◆ WORK INSTRUCTION:
Retype the data that follows exactly. No pictures belong in the copy.

◆ DATASET EXCERPT:
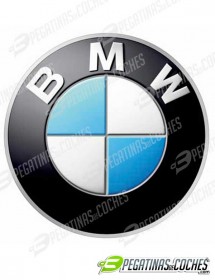 Logo BMW Redondo Color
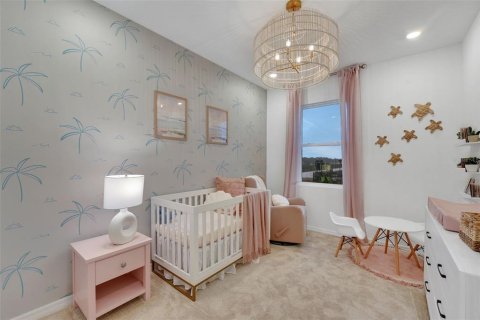 Снять в аренду таунхаус в Сан-Антонио, Флорида 9 комнат, 148.83м2, № 2115431 - фото 28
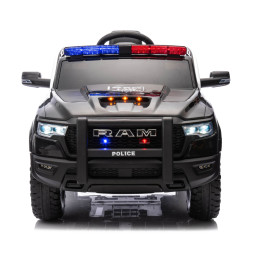 Детский электромобиль Полиция Dodge RAM 1500 24V 4WD - ZB618P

◆ OUTPUT OF THE EXERCISE:
 Logo BMW Redondo Color
 Снять в аренду таунхаус в Сан-Антонио, Флорида 9 комнат, 148.83м2, № 2115431 - фото 28
 Детский электромобиль Полиция Dodge RAM 1500 24V 4WD - ZB618P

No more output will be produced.